Íris Edda Heimisdóttir

Personal information
- Full name: Íris Edda Heimisdóttir
- National team: Iceland
- Born: 8 February 1984 (age 42) Reykjavík, Iceland
- Height: 1.80 m (5 ft 11 in)
- Weight: 79 kg (174 lb)

Sport
- Sport: Swimming
- Strokes: Breaststroke
- Club: Keflavík íþrótta- og ungmennafélag

= Íris Edda Heimisdóttir =

Icelandic swimmer

Íris Edda Heimisdóttir (born February 8, 1984) is an Icelandic former swimmer who specialized in breaststroke events. She is a two-time Olympian (2000 and 2004) and a former Icelandic record holder in the 100 and 200 m breaststroke.

Íris made her Olympic debut as Iceland's youngest swimmer (aged 16) at the 2000 Summer Olympics in Sydney. There, she failed to reach the semifinals in any of her individual events, finishing thirty-third in the 100 m breaststroke (1:14.07) and thirty-second in the 200 m breaststroke (2:38.52).
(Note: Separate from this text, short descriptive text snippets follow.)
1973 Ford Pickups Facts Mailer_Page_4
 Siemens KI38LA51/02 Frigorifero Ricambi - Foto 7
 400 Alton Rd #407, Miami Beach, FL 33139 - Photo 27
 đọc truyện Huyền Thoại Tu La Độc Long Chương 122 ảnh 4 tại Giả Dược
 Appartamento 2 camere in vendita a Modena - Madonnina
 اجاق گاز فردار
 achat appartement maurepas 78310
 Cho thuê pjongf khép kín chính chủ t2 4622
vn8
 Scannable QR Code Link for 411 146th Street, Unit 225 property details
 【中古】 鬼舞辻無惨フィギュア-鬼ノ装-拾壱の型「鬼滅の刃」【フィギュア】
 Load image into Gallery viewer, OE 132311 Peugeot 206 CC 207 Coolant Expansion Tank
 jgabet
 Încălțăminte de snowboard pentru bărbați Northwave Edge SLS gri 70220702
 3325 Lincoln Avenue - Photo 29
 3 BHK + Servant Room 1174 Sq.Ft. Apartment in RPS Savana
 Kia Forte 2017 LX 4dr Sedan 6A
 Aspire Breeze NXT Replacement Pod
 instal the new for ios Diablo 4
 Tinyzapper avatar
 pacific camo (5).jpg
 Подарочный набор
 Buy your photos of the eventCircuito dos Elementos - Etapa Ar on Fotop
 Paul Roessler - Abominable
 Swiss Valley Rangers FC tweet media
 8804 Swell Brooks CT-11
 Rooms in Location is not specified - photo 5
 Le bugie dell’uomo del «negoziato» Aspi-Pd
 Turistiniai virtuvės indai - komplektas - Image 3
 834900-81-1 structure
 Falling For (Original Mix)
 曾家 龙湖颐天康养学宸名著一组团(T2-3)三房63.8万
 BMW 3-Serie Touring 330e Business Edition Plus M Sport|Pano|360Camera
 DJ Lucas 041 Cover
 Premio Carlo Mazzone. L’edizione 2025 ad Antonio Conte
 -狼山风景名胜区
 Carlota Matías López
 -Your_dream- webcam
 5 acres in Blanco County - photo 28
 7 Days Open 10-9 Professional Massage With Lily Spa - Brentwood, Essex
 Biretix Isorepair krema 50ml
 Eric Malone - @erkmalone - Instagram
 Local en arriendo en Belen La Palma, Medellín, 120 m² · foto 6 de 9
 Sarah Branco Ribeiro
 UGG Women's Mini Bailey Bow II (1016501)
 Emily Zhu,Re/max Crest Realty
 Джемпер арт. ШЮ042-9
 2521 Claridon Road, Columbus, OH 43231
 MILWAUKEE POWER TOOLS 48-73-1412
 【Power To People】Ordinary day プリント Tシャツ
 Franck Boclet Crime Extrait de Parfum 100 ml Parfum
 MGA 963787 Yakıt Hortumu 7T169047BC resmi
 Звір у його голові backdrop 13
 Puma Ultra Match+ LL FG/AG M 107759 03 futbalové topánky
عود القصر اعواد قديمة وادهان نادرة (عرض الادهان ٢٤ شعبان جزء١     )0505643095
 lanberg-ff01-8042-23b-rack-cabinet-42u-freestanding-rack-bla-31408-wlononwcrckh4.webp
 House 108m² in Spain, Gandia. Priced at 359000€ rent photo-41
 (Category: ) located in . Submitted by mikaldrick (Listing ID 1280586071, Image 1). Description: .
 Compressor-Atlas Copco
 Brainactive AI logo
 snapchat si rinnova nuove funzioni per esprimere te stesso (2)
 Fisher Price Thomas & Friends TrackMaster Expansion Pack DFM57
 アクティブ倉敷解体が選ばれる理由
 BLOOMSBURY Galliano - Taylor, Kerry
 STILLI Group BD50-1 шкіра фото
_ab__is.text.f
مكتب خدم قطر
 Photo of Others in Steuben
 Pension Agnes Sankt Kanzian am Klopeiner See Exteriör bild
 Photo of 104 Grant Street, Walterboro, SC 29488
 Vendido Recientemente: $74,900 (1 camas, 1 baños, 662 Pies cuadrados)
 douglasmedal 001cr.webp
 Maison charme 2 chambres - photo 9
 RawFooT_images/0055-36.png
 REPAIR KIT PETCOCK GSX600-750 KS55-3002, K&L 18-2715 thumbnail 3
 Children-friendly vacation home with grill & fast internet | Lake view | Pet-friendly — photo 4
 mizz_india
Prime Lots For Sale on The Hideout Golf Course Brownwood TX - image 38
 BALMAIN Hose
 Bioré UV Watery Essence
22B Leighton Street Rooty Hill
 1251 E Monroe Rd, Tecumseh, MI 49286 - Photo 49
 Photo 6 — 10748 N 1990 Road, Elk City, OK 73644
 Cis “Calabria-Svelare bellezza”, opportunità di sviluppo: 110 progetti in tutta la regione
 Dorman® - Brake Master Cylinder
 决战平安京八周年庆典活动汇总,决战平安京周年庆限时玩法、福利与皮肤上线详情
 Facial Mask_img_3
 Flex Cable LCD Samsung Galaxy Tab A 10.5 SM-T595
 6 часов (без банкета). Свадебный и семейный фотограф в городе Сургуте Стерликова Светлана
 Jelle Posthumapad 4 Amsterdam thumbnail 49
At the 2004 Summer Olympics in Athens, Íris shortened her program, swimming only in the 100 m breaststroke. She cleared a FINA B-standard entry time of 1:13.28 at the Croatian Open Championships in Dubrovnik. She challenged seven other swimmers in the same heat as Sydney, including 13-year-old Yip Tsz Wa of Hong Kong. She rounded out the field in last place by less than 0.18 of a second behind Yip in 1:15.35. Íris failed to advance into the semifinals, as she placed forty-eighth overall in the preliminaries rounds.

Shortly after the Olympics, Íris retired from swimming to pursue her career in professional modeling and physical fitness.